First, the word that the pastor used in his quote “perseverance” is not in the Matt 10:22. The word used is translated “endurance” in the New King James, New American Standard, and the English Standard versions. In the New International Version, it is translated “stands firm.” The pastor used perseverance because that is the word used to convey the Lordship Salvation slogan.
Second, Matt 10:22 does not speak of soul salvation at all, but it speaking of enduring persecution. This passage occurs in the context of Jesus sending His disciples out on their first missionary trip. In giving them instructions, Jesus is telling them they will be persecuted. In fact they will be hated by everyone because of Jesus. Rather than receiving glory for their association with Christ, the disciples will undergo suffering, betrayal, and hardship. “Who endures to the end” refers to those who remain faithful to Jesus until the persecution ends. “This one will be saved” means to be “delivered by God.” This will end with the return of the Lord (v. 23). Thus, the passage actually has nothing to do with salvation from sin but from persecution (one way or the other).
Second, the passage is specifically talking about the faithful endurance of His ambassadors during the time of persecution in the Tribulation (Matt 24:13; Dan 12:12-13). Matthew 10:16–22 may have included predictions of future persecution originally part of the Olivet discourse (Matt 24:9, 13; Luke 21:12) in order (1) to place all “mission” sayings together, and (2) to use the mission of the Twelve as a paradigm for the mission of the church. Alternatively, Jesus may have repeated these warnings in His discourse about the end times (Matt 24).
This passage is an exhortation to be faithful in persecution in a threefold way.
- First, the enduring of persecution. Persecutions can be endured. They are not eternal and they are not intolerable.

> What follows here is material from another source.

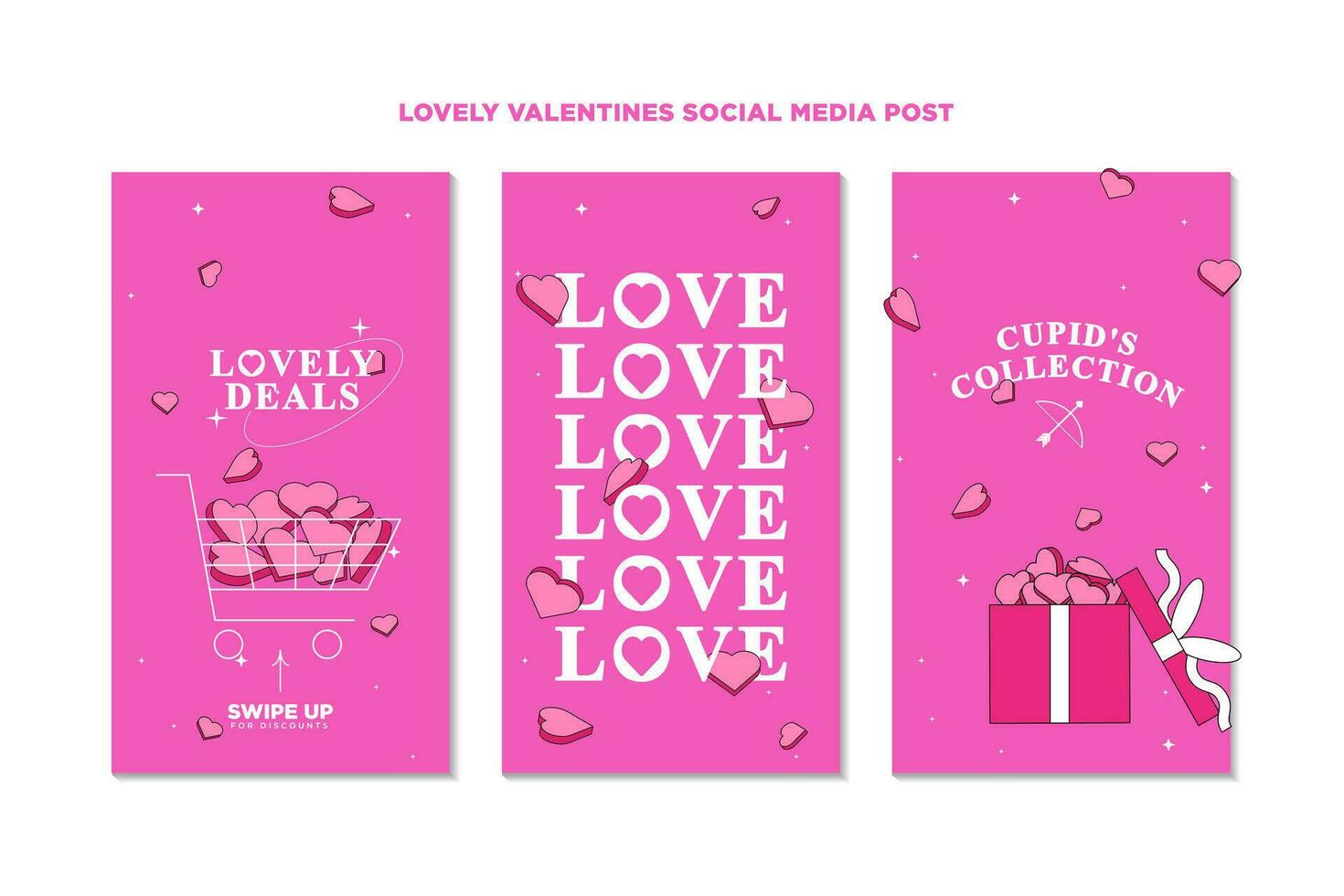 Trendy contemporary pink color with playful Lovely Valentine's day promotion theme template in a set for banner, feed, background and ads vector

Therefore, be loyal.
- Second, the ending of persecution. “To the end” indicates that the trial will end someday. Trials are not forever. Therefore, be faithful.

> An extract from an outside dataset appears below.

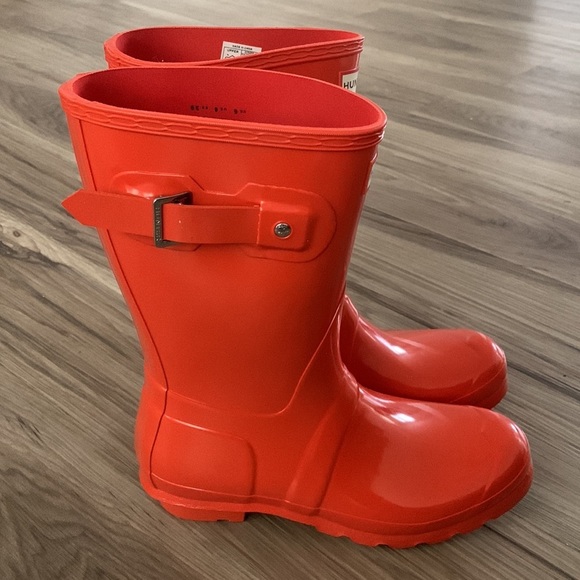 NWB hunter original short gloss orange rain boots - Picture 1 of 8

- Third, the escaping from persecution. “Will be saved.” Deliverance comes from faithfulness in endurance. That deliverance may sometimes be the ending of life and escape to heaven. Whatever the case, it will be a rewarding saving from the persecution, if one has been loyal and faithful in experiencing persecution. Therefore, be committed.
We are called to be loyal to Christ, faithful to the Word, and committed to His mission—but we are saved before these aspects are fully implemented in our lives. These are life-long endeavors. Thus, Free Grace sees a distinction between salvation and growth while Lordship Salvation merges them together.
We need to carefully approach the Scripture and we must exercise discernment when listening to the teaching of others. The study of the Bible takes effort. It takes diligent work. Just because a pastor comes from a large church and is very popular does not mean that due diligence is being used in the interpretation and application of Scripture.